Supplied data Block Start
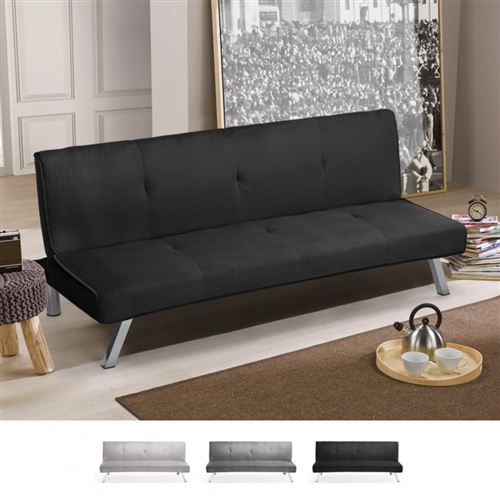 Canapé convertible 3 places design tissu velours inclinable clic clac Explicitus, Couleur: Noir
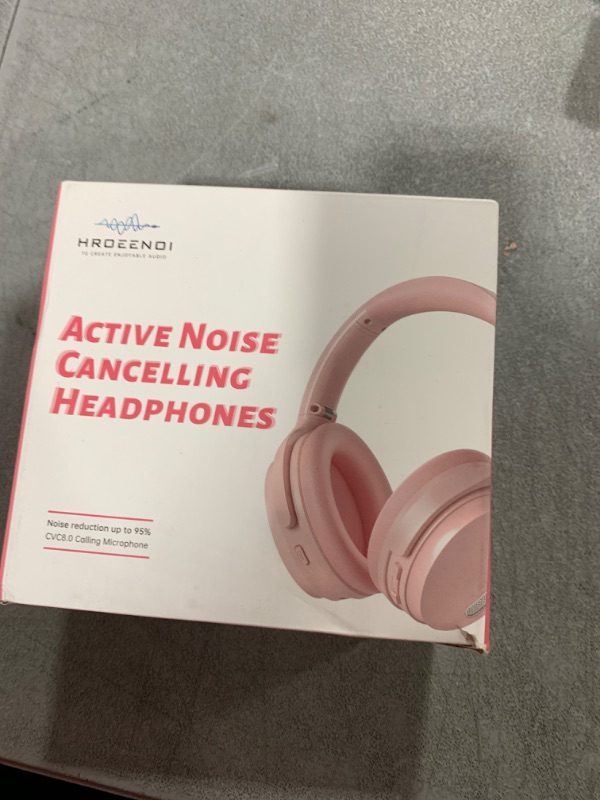 Photo 1 of HROEENOI Active Noise Cancelling Wireless Bluetooth Over-Ear Headphones, Memory Foam Ear Cups, Quick Charge for 40H Playtime, Ideal for Travel, Home Office, Gym Workouts -Pink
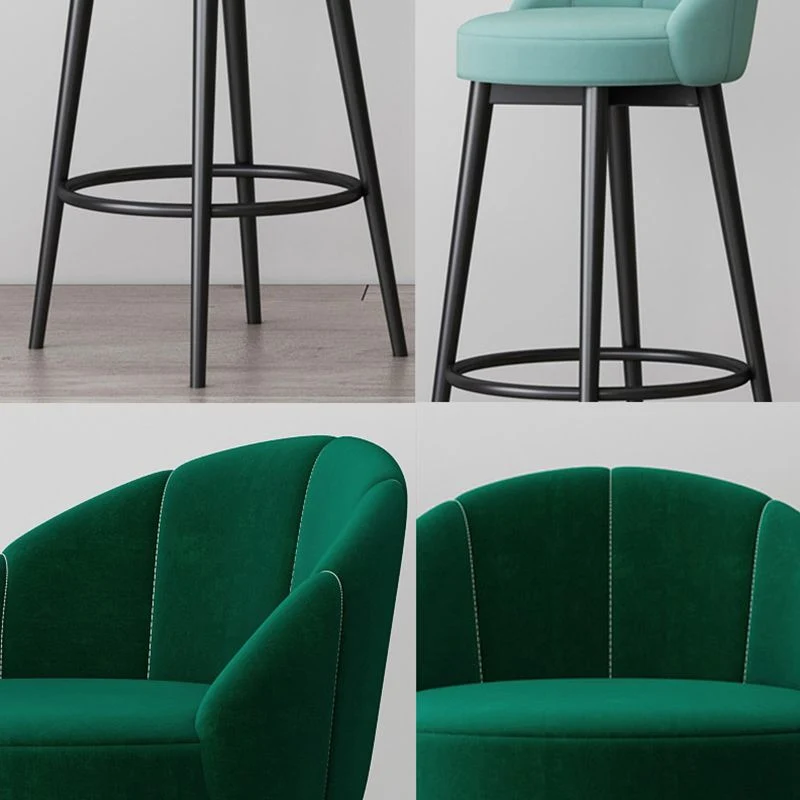 Scandinavische gestoffeerde voetsteun barkruk lage rugleuning Home fluwelen matte afwerking kruk Clearhalo
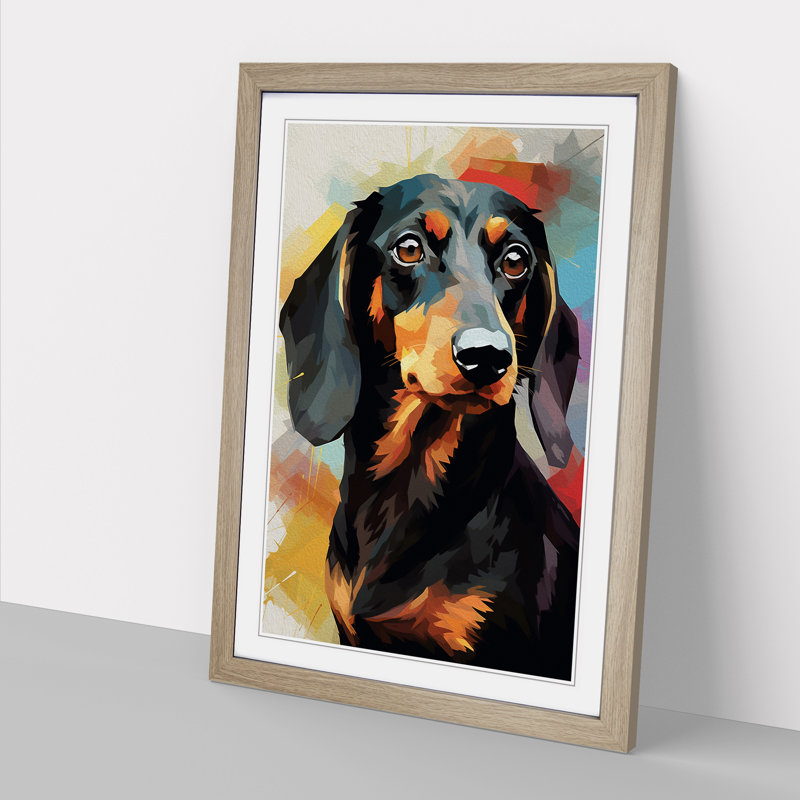 Dachshund Gestural - Single Picture Frame Print on Wood, Oak, 34cm H x 25cm W x 2cm D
Supplied data Block End
- Work request
Every line of the listing should be repeated exactly; no picture should appear.

- Output of the task
 Canapé convertible 3 places design tissu velours inclinable clic clac Explicitus, Couleur: Noir
 Photo 1 of HROEENOI Active Noise Cancelling Wireless Bluetooth Over-Ear Headphones, Memory Foam Ear Cups, Quick Charge for 40H Playtime, Ideal for Travel, Home Office, Gym Workouts -Pink
 Scandinavische gestoffeerde voetsteun barkruk lage rugleuning Home fluwelen matte afwerking kruk Clearhalo
 Dachshund Gestural - Single Picture Frame Print on Wood, Oak, 34cm H x 25cm W x 2cm D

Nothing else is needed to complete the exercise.